A ausência de uma personalidade ilustre foi, sem dúvida, melancolicamente registrada nas comemorações do 103º aniversário do município de Porto Velho, nessa segunda-feira. O mais longevo companheiro de jornada da cidade não circula mais entre nós. O jornal Alto Madeira circulou pela última vez no dia 1º. Foi uma morte anunciada, mas nem por isso menos sentida por tantos que o acompanharam na tarefa de registrar em suas páginas o cotidiano da história. Claro que é justa e merecida a festa de aniversário. Porto Velho é hoje uma cidade que reflete a confiança no futuro glorioso que lhe está reservado.
Aos 103 anos a capital rondoniense ostenta claramente indicativos de consolidação ainda maior de sua economia, graças à força de trabalho de seu povo. Ao contrário de outras regiões mais abastadas que vivem dramáticas dificuldades em decorrência das crises econômica e institucional que se abateram sobre o país. Mas a celebridade ausente com certeza deslustrou-lhe um pouco o brilho da festa. Aproprio-me, respeitosamente, para adaptar à realidade, do pensamento de Bob Marley, e assegurar que o Alto Madeira viveu, sim, para fazer sua presença ser notada e, sem qualquer dúvida, sua falta será sentida.

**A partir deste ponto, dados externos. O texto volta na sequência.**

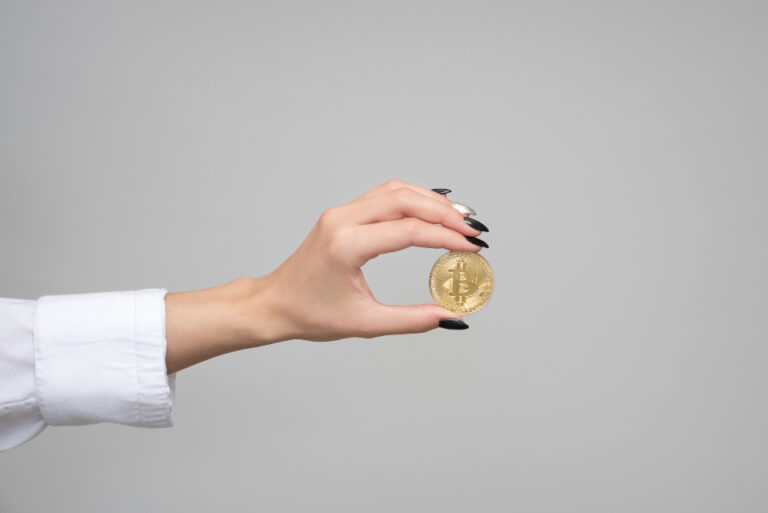 Monedas metálicas apiladas junto a un teclado de ordenador sobre una mesa de madera oscura
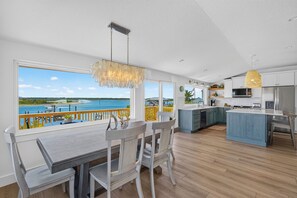 A modern kitchen with a view of the sea, wooden flooring, and a dining area with a table and chairs. - Riverfront Retreat | Dock & River Access | Kayak (St. Augustine)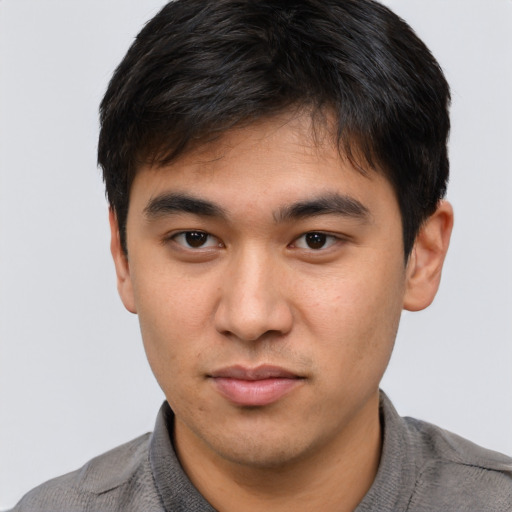 Neutral asian young-adult male with short  brown hair and brown eyes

Não há que se falar em culpados ou apontar responsabilidades e falhas que conduziram a esta sensação de perda irreparável de tantos quantos são dotados de sensibilidade suficiente para abrigar esta sensação dolorosa de perda irreparável pela ausência do vetusto companheiro do café da manhã. E, apesar de saber, como escreveu Ciro Pinheiro, que, “depois dos cem anos, o remar da canoa tendia para o fim da viagem”, isso, contudo, não nos conforta, posto que o Alto Madeira leva consigo nossas melhores lembranças. E nos deixa na companhia do vazio na alma que as mudanças dolorosas normalmente provocam.
O Alto Madeira percorreu com determinação os caminhos aos quais foi conduzido por uma realidade tão dramática quanto irreversível. “Testemunha ocular da história” – para aproveitar o slogan do Repórter Esso, extinto em 1968 – o Alto Madeira esteve presente, desde sua criação, por Joaquim Augusto Tanajura, em 15 de abril de 1917. Dois episódios emolduram e justificam bem a associação com o histórico noticiário que revolucionou o rádio no Brasil. Registra “O Globo” que a Rádio Tupi, com base em informações da Associated Press, foi a primeira a anunciar o fim da Segunda Guerra Mundial. Mas somente dois dias depois, quando o Repórter Esso noticiou o fim do conflito, os cariocas saíram às ruas para comemorar.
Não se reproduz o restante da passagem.